Results Participant Demographics

Of the 112 participants who completed the study, 86 participants yielded sufficient data for analysis. The study sample consisted of 43% females (37/86) and 57% males (49/86), and the average participant age was 30.1 years (SD 8.5). Participant employment status was as follows: 63% (54/86) were employed in full-time work, 16% (14/86) were employed part-time, 12% (10/86) were unemployed and job seeking, 3% (3/86) were not engaged in paying work (eg, retired or homemaker), and 6% (5/86) reported some other employment status. The 86 participants included in analysis and 26 participants excluded from analysis did not differ in mean age, gender distribution, or mean score of any of the 4 self-report measures.

Self-Report Measures

Table 2 summarizes the self-report measures of the study sample collected at study exit. Intake and exit scores on the LSAS, GAD-7, PHQ-8, and SDS were significantly correlated with r=0.90 (P<.001), r=0.81 (P<.001), r=0.86 (P<.001), and r=0.78 (P<.001), respectively.

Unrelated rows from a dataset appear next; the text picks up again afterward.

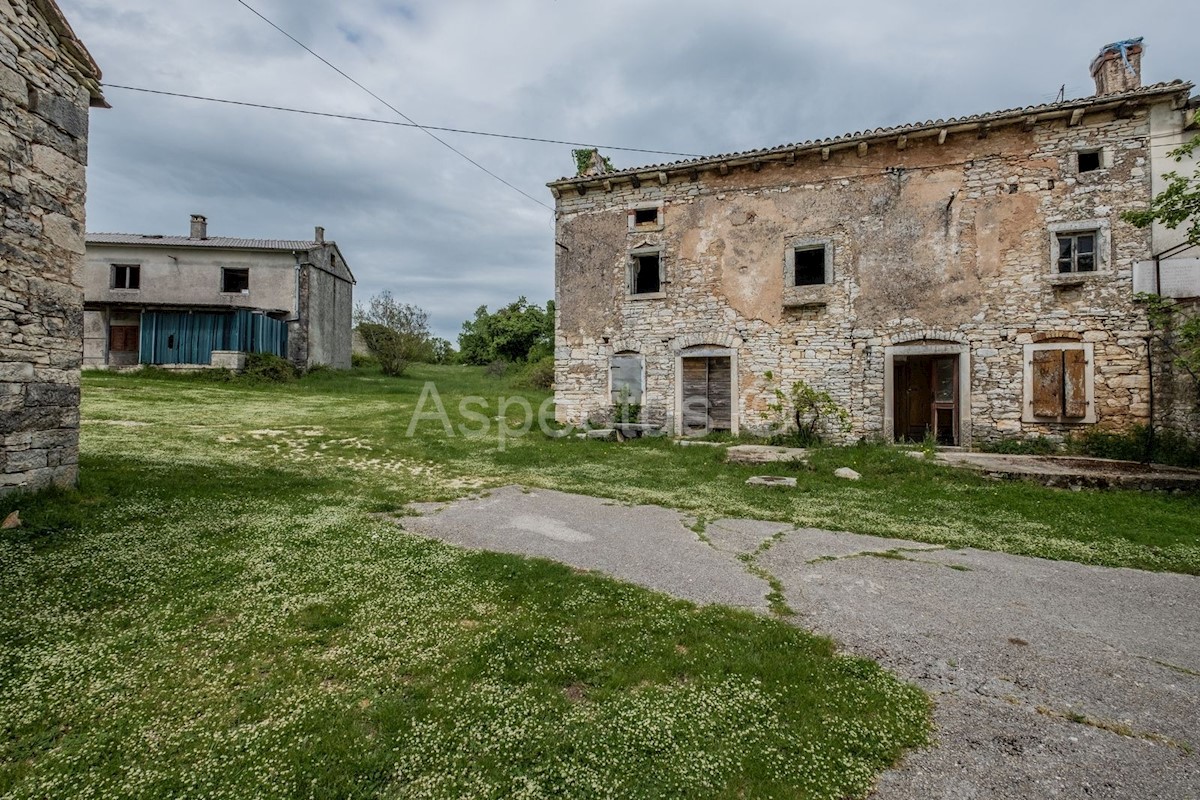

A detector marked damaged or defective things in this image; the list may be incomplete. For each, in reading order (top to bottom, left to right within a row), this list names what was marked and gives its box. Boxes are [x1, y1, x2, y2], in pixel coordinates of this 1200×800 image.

peeling plaster wall [552, 101, 1190, 443]
cracked concrete path [398, 484, 1195, 796]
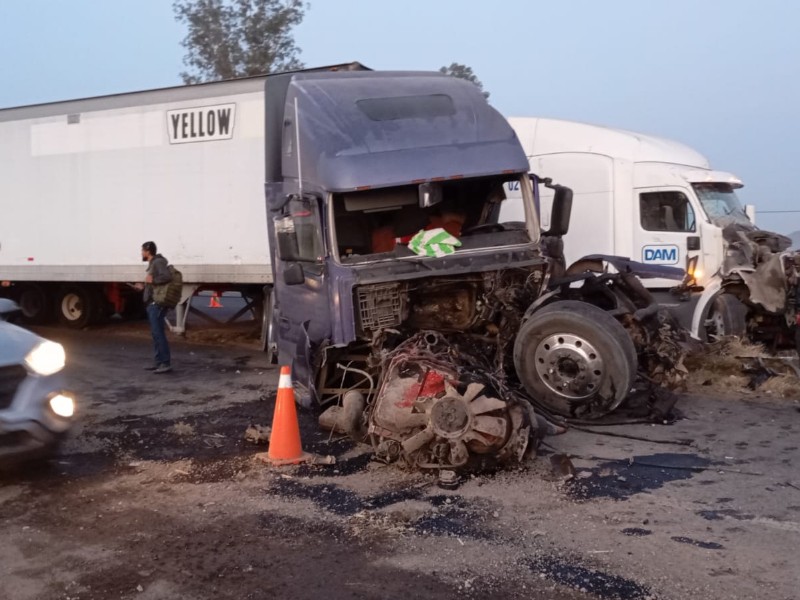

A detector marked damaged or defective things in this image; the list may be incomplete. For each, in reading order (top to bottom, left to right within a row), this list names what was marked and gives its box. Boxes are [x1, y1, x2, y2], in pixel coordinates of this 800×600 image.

broken windshield [332, 173, 536, 262]
wrecked blue truck cab [262, 70, 680, 472]
damaged truck front [264, 70, 680, 474]
broken windshield [692, 183, 752, 223]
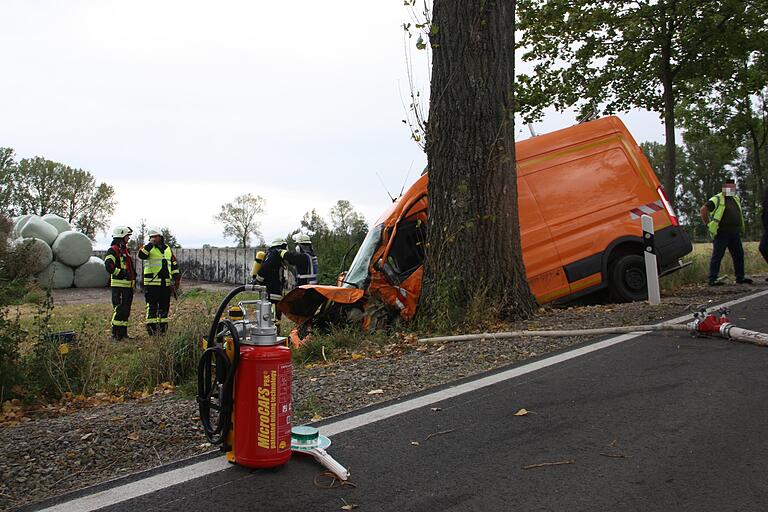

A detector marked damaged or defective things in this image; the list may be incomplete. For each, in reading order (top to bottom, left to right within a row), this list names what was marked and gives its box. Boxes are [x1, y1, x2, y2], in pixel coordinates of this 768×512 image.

damaged windshield [344, 224, 384, 288]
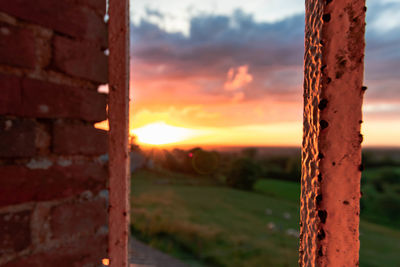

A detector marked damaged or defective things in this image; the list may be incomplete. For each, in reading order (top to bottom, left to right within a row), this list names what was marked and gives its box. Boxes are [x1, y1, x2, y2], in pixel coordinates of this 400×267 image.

rusty metal post [108, 0, 130, 266]
peeling paint on pole [108, 0, 130, 266]
rusty metal post [300, 1, 366, 266]
peeling paint on pole [300, 1, 366, 266]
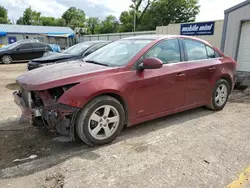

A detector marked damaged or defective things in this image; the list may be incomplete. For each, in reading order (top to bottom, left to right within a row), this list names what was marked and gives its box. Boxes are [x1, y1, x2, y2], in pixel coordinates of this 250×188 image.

crushed hood [17, 59, 116, 90]
damaged red sedan [13, 35, 236, 147]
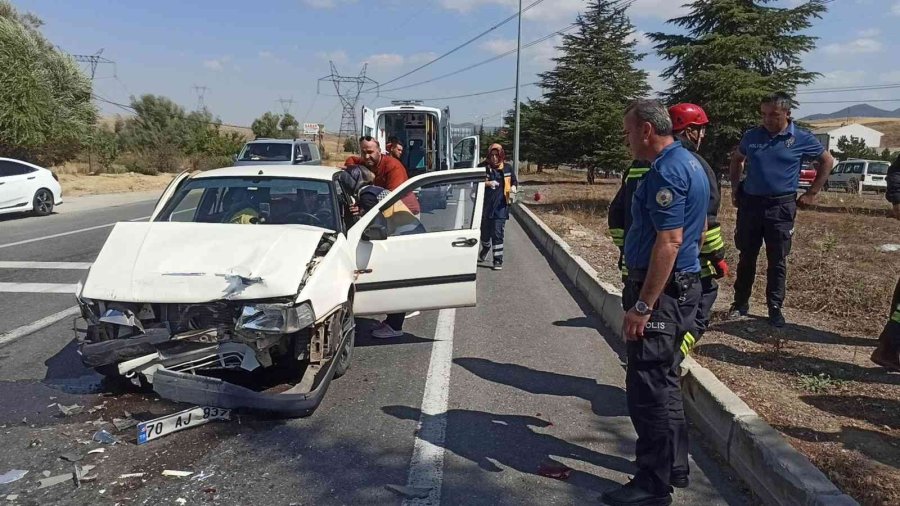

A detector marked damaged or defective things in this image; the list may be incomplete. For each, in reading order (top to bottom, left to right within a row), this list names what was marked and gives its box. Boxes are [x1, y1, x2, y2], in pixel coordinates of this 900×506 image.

crumpled car hood [81, 223, 324, 302]
white damaged car [75, 162, 486, 416]
broken headlight [236, 302, 316, 334]
broken plastic fragment [92, 428, 119, 444]
broken plastic fragment [0, 468, 27, 484]
shattered glass piece [0, 468, 27, 484]
broken plastic fragment [536, 460, 572, 480]
shattered glass piece [384, 482, 432, 498]
broken plastic fragment [384, 484, 432, 500]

We interpreted these strong correlations as indicating the reliability of these measures.

Table 2

Results of screening the study sample for depression and anxiety disorders.

Measure	Score, mean (SD)	Diagnostic threshold	Participants over diagnostic threshold (n=86), n (%)
Liebowitz Social Anxiety Scale	53.5 (25.3)	60	32 (37)
Generalized Anxiety Disorder–7	6.5 (4.6)	10	21 (24)
Patient Health Questionnaire–8	8.5 (5.5)	10	30 (35)
Sheehan Disability Scale	10.9 (7.8)	N/A^a	N/A

^aN/A: not applicable.

Environmental Audiorecordings

Within the 86-participant sample, the mean number of audiorecordings captured was 3647 (SD 802), and the mean number of recordings that contained speech was 579 (SD 257). On average, 16% of recorded ambient audio contained intelligible speech. This low percentage is reasonable given that recordings were performed throughout all hours of the day. The average number of detected environmental words per participant was 4379 (SD 2625). While the original transcripts were destroyed after generation, the total number of recordings that contained detected speech was recorded for each participant. The mean number of words was 7.4, which seems reasonable given that the audiorecordings were 15 seconds long. All summary statistics for the total number of recordings captured, number of recordings found to contain speech, total detected words, and average word length of the transcripts are presented in Table 3.

Table 3

Summary statistics for word counts of the transcripts of environmental audiorecordings (n=86).

Statistic	Mean (SD)	Minimum	First quartile	Second quartile	Third quartile	Maximum
Total recordings captured	3646 (802)	330	3764	3908	4001	4271
Recordings containing speech	579 (257)	91	390	574	725	1288
Total detected words	4379 (2625)	841	2470	3842	5720	14882
Average number of words in recordings with speech detected	7.4 (2.0)	3.7	6.2	6.8	8.0	15.5

Correlation Analysis

Table 4 presents the correlations between word counts of the LIWC word categories with each of the 4 self-report measures (LSAS, GAD-7, PHQ-8, and SDS) whose P values were less than .05. All 67 categories are presented in Multimedia Appendix 1.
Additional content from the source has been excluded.